Intervention de Pascal Clément

Réunion du 25 octobre 2005 à 21h30
Traitement de la récidive des infractions pénales — Article 2, amendement 46

Pascal Clément, garde des sceaux :

Contrairement à ce que disent les auteurs des amendements de suppression n° 44 et 90, l'article 2 est très utile pour clarifier une question complexe et, surtout, mal comprise. C'est d'ailleurs pour cette raison que, dans le rapport d'information déposé en juillet 2004 par la commission des lois de l'Assemblée nationale sur le traitement de la récidive des infractions pénales, il avait été proposé que le code pénal traite expressément la réitération. Les auteurs de ce rapport avaient constaté qu'il n'était pas satisfaisant que cette notion importante de notre droit, intermédiaire entre celle du concours d'infractions et celle de la récidive d'infractions, ne fût pas, à la différence des deux autres, définie par le législateur.

Les débats que cette disposition a suscités sont la démonstration de la nécessité qu'il y a à légiférer sur le sujet, surtout s'il s'agit de légiférer à droit constant.

S'agissant des amendements identiques n° 1 et 45, le Gouvernement s'en remet à la sagesse du Sénat. Je reconnais que le deuxième alinéa du texte proposé pour l'article 132-16-7 du code pénal n'est pas indispensable, car il affirme plus un principe général qu'une règle de droit précise. Ce qui compte, c'est la définition de la réitération, à savoir le premier alinéa, et les précisions sur le cumul des peines et l'impossibilité de confusion, c'est-à-dire le troisième alinéa.

Par ailleurs, si les dispositions du deuxième alinéa, selon lesquelles, pour fixer la peine, le juge prend en considération l'existence de la précédente condamnation du prévenu sont justifiées sur le fond et - je le précise pour les orateurs socialistes - évidentes, elles figurent également dans la nouvelle rédaction de l'article 132-24 du code pénal sur l'individualisation de la peine que l'article 2 bis de la proposition de loi prévoit de compléter à cette fin.

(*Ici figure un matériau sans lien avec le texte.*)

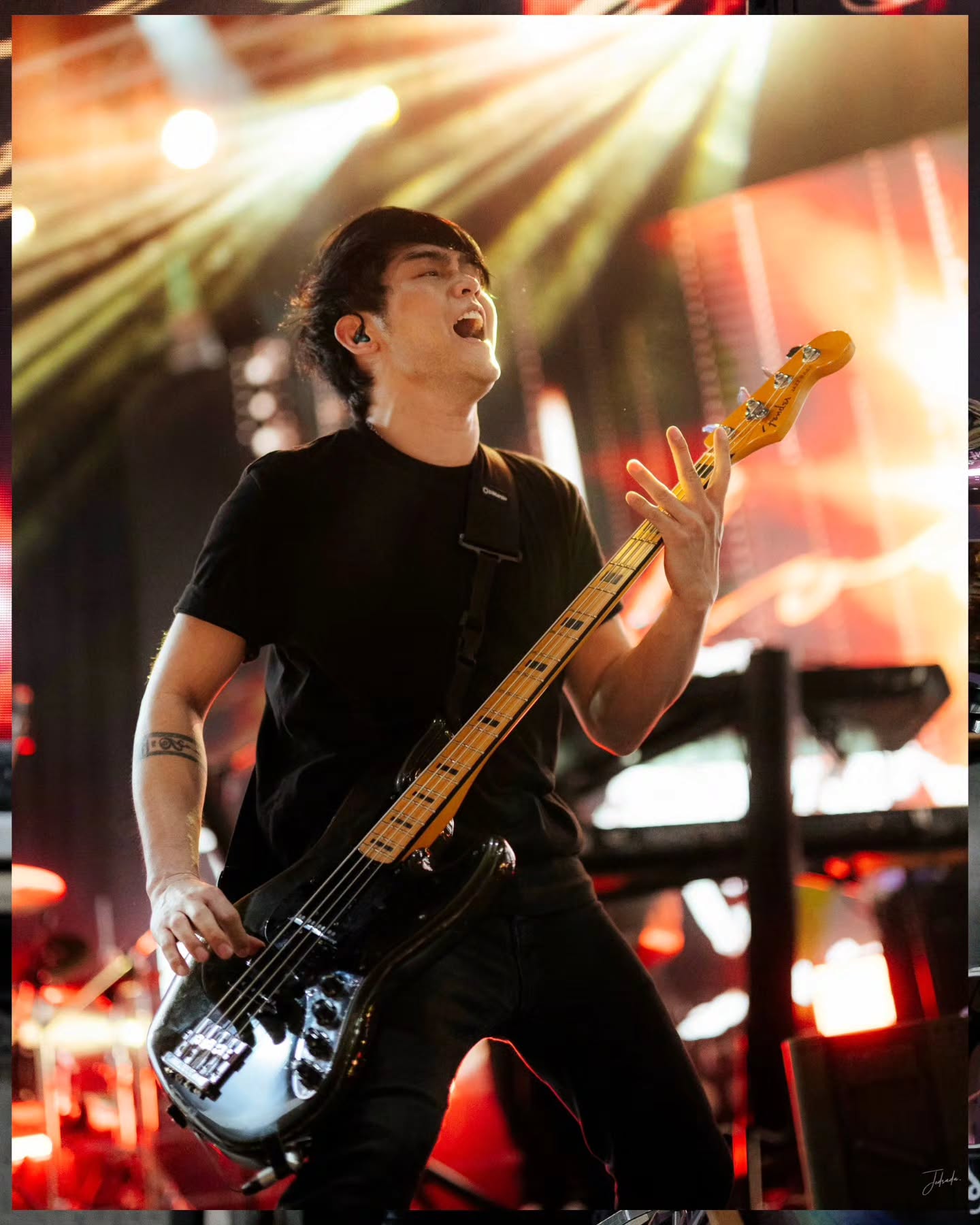 ตูน - อาทิวราห์ คงมาลัย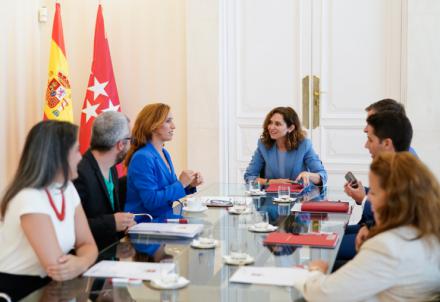 Mónica García contesta a Ayuso: 'No, señora, queremos cargarnos su chiringuito, su negociete'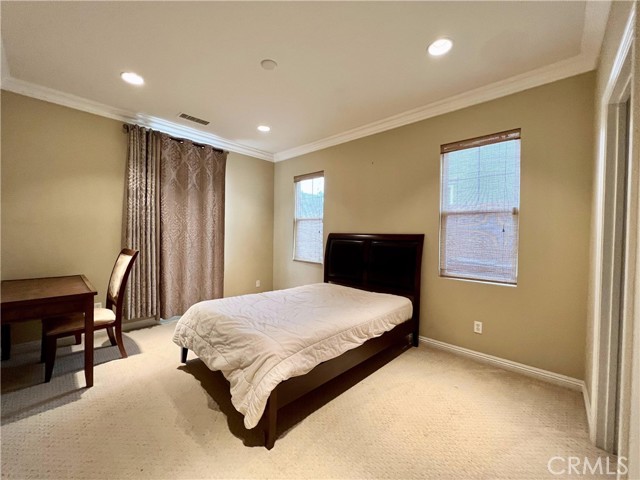 Detail Gallery Image 13 of 30 For 3974 E Callaway Dr, Ontario,  CA 91761 - 6 Beds | 4/1 Baths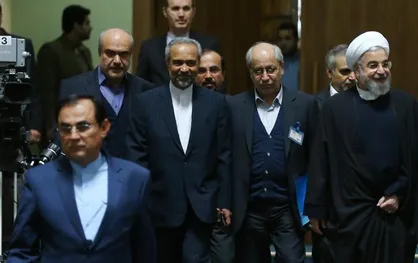 تیم ضعیف و غیرکارشناسی دولت معضل اصلی اقتصاد کشور
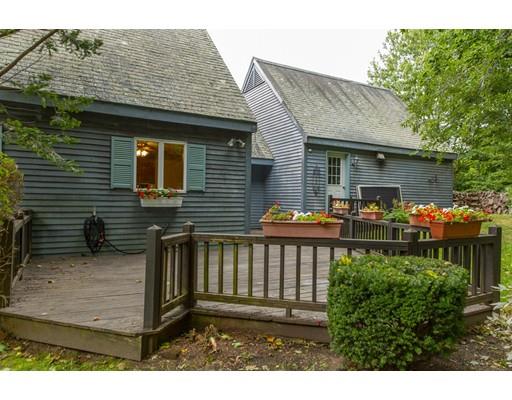 27 Souther Road Gloucester, MA 01930 - Photo 4 of 31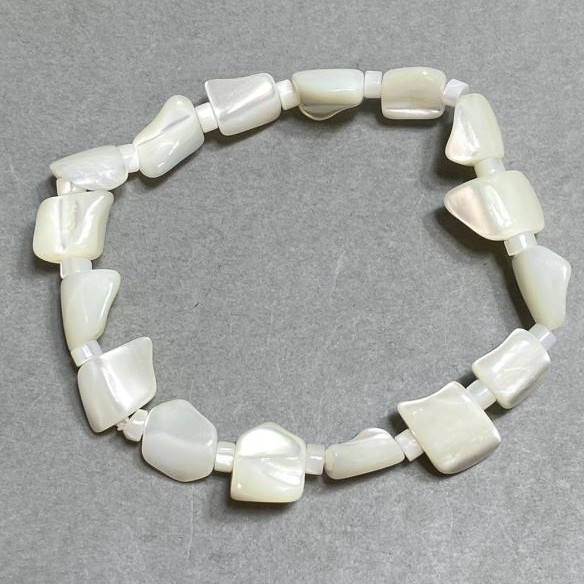 Bransoletka Perłowy agat w formie walca 10x9mm+- rdzeń 4x2mm+-, długość 18cm +- elastyczna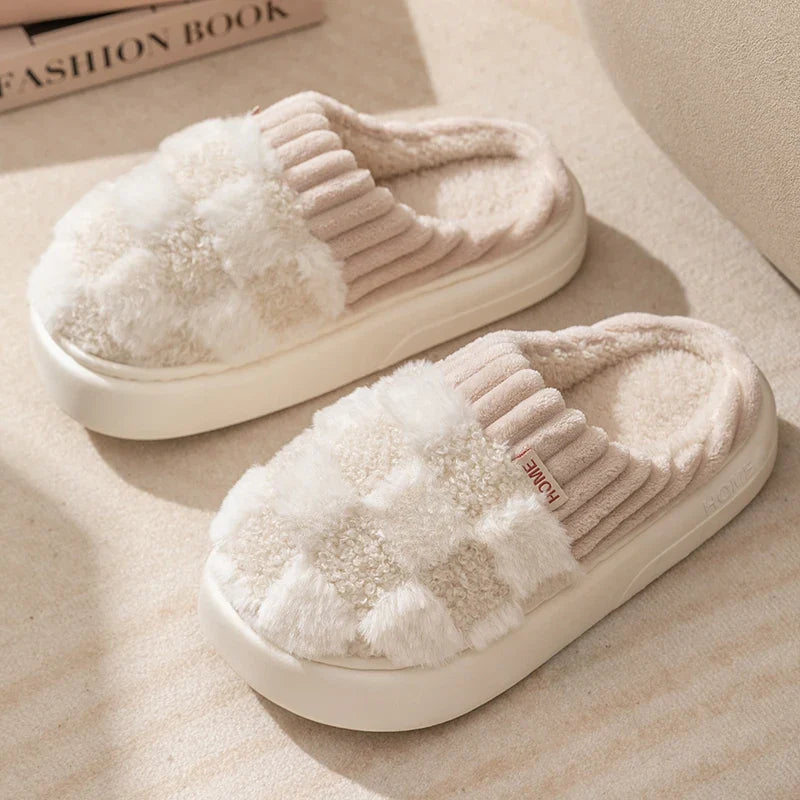 Product Image for Avelena | Estelle Warme Karierte Hausschuhe, Weiß / 36-37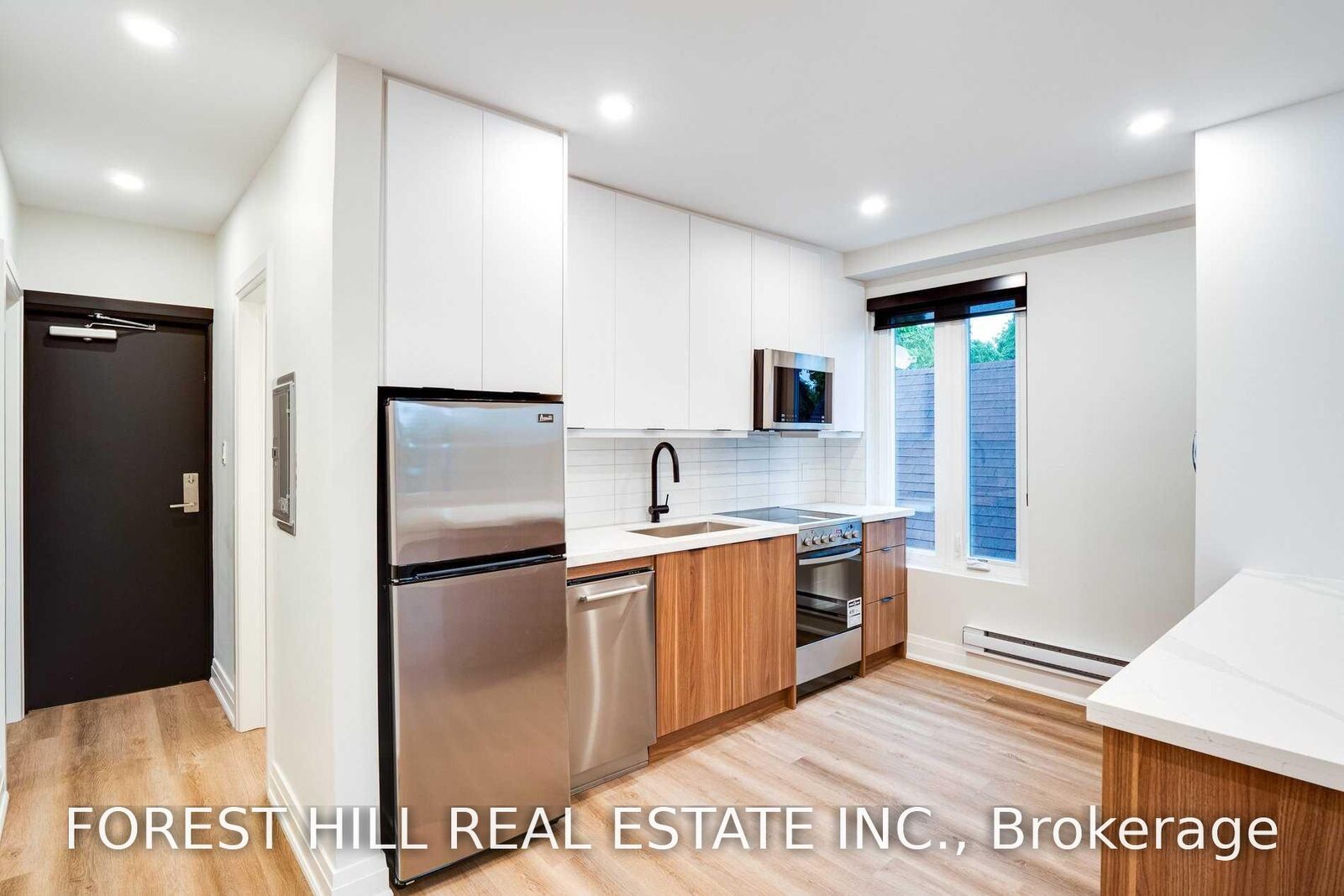 Property Photo:  1 Greensides Avenue 5  ON M6G 3P5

En ce qui concerne l'amendement n° 46, le Gouvernement émet un avis défavorable pour deux raisons. D'une part, parce qu'il est favorable à l'amendement de réécriture de la commission des lois. D'autre part, parce que les auteurs de l'amendement n'ont pas compris le texte, qui ne change rien au droit actuel. Il ne prévoit nullement le cumul des peines prononcées pour plusieurs infractions commises en réitération et générerait ni inégalité ni répression excessive.

Je prendrai un exemple : une personne commet des violences et est condamnée à deux ans de prison.

Après cette condamnation définitive - mais non encore mise à exécution -, elle commet : un vol pour lequel elle est condamnée à trois ans d'emprisonnement ; une escroquerie pour laquelle elle est condamnée, par un autre tribunal, à quatre ans d'emprisonnement.

Par rapport aux violences, le vol et l'escroquerie sont commis en réitération, car ils ont eu lieu après la condamnation définitive pour violences.

Mais le vol et l'escroquerie sont, entre eux, des délits en concours - il n'y a pas eu de condamnation définitive -, car l'escroquerie a été commise avant que la condamnation pour vol ne soit définitive.

Les peines du vol - trois ans - et de l'escroquerie - quatre ans - ne pourront donc dépasser le maximum de la peine la plus sévère qui est encourue, c'est-à-dire cinq ans pour l'escroquerie : elles vont donc se cumuler jusqu'à cinq ans d'emprisonnement, et non sept ans. Et le condamné pourra demander leur confusion, notamment au second tribunal, à hauteur, par exemple, de quatre ans d'emprisonnement. C'est l'article 132-4 du code pénal qui prévoit ces deux règles - cumul limité au maximum légal et possibilité de confusion - pour les délits en concours.

Mais la peine de quatre ans résultant de la confusion va se cumuler avec celle de trois ans pour les violences, soit sept ans en tout. Et la personne ne pourra pas demander de confusion entre ces quatre et trois ans, pour ramener les sept ans à six ou cinq ans par exemple. En effet, l'article 132-4 du code pénal n'est pas applicable.

Le nouvel article 132-16-7 ne fait que rappeler clairement ces règles. §

Autrement dit, il n'y a réitération que s'il y a condamnation définitive entre deux actes délictueux ; sinon, il y a confusion. Voilà le résumé le plus clair possible de l'état du droit. A vouloir être plus précis, on risque de lasser la Haute Assemblée.